Goksel told us that he took 30 of his students, mostly Americans, to meet the former PM in Grand Saray. They asked very embarrassing questions on his personal deals, but he was not embarrassed and answered all the questions. He was very comfortable in that encounter which lasted one and a half hours, when the original appointment was set for only 15 minutes.
Goksel laughed when he remembered how Hariri's staff panicked, telling him that there others with appointments waiting , but he told them to wait. He also asked Goksel later to bring his students again to meet him, but this time
At home not in the office.
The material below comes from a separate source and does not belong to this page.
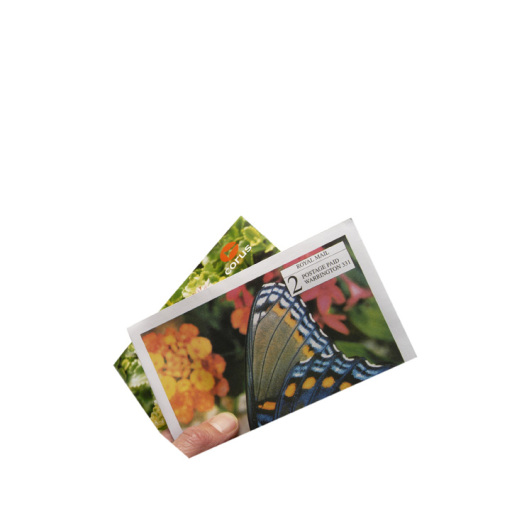 interesting mailing piece that included a wind-up butterfly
Hariri insisted, and Goksel told him "maybe next semester” But look want happened.
Goksel said that Hariri did not play around with the ones he met, if he could not do something, he did not make any promises.
The demonstrations
Asked what would he have done if he were Lebanese with regards to the demonstrations of 8 and 14 March, Goksel comfortably said that he would have taken part in it, and that his son and daughter took part.
He added, "I was excited with the change in the country. The Lebanese discovered their national flag, their national identity and anthem. After years of silence, they spoke up, and they started talking about the apparatuses."
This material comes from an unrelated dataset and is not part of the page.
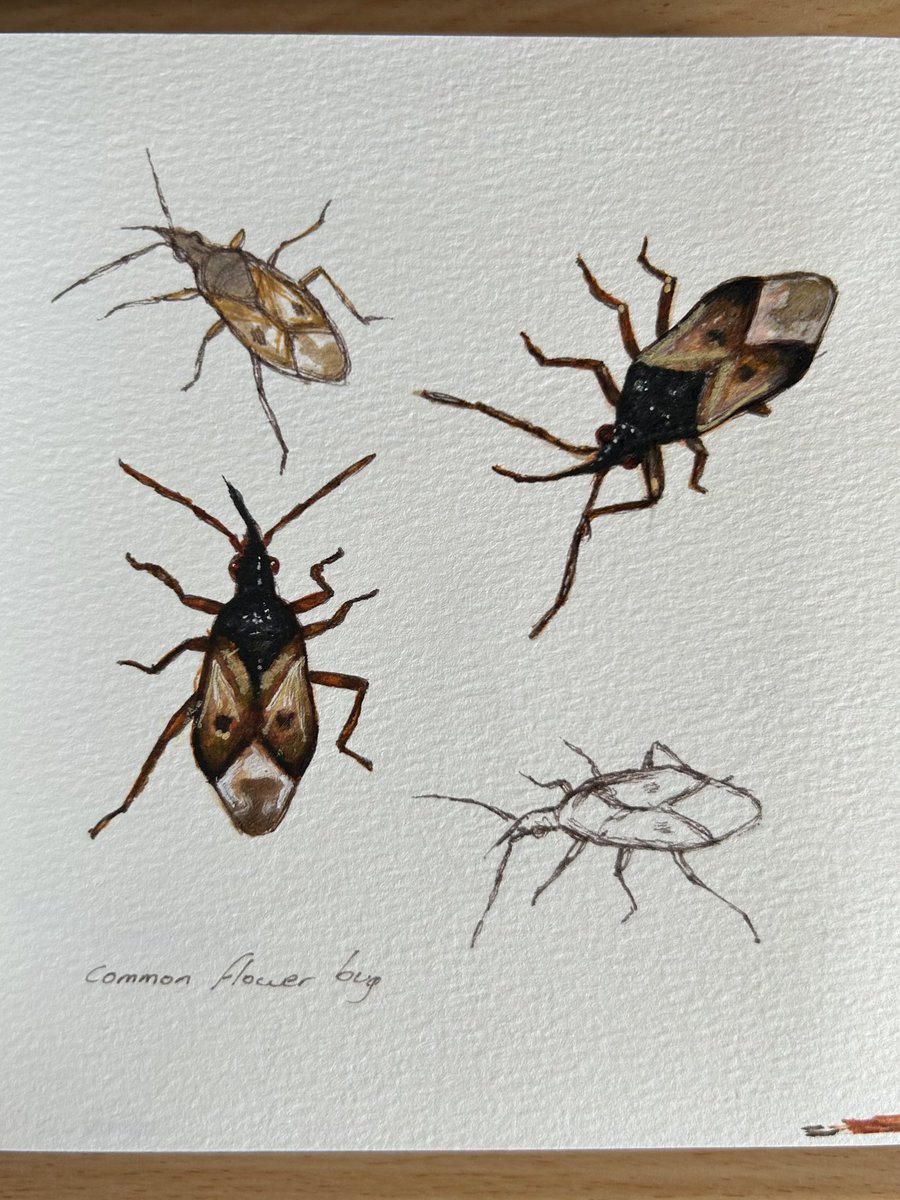 Some sketching #sketchbook #insects #biodiversity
Asked if he felt dismay with the outcome of the demonstrations, he said, "Today, I'm more realistic."
He spoke about another event in the period since the assassination of Hariri, when Nasrallah stood and made a speech addressing the demonstrators under the Lebanese flag. "It was then, that I was aware that a change happened."
Goksel underlined that Nasrallah did not demand the Syrians to stay in his speech, but his demand was that they exit in a dignified way.
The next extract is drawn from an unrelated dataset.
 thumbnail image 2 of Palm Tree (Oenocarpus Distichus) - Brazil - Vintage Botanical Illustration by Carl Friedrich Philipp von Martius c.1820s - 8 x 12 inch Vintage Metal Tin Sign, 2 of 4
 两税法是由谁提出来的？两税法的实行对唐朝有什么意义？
Asked if the recent developments have isolated the Shiites from the rest of the sects, Goksel said, "if you look closely to the Shiites, you will have to be a professor in politics top maintain the situation as it currently is. There were many angry Shiites because of Nasrallah's silence at the opposition demonstrations, and they asked, what about us, the Shiites, don't we have a say on all of this? It was because of this, that 8 March demonstrations took place, and it was a natural reaction to keep the Shiite community united."
He added, "the Shiites, today, are acting in wisely and they are open to all."
Goksel concluded that a golden chance for reform was made available to Lebanon given all the international factors and the unfortunate assassination of Hariri.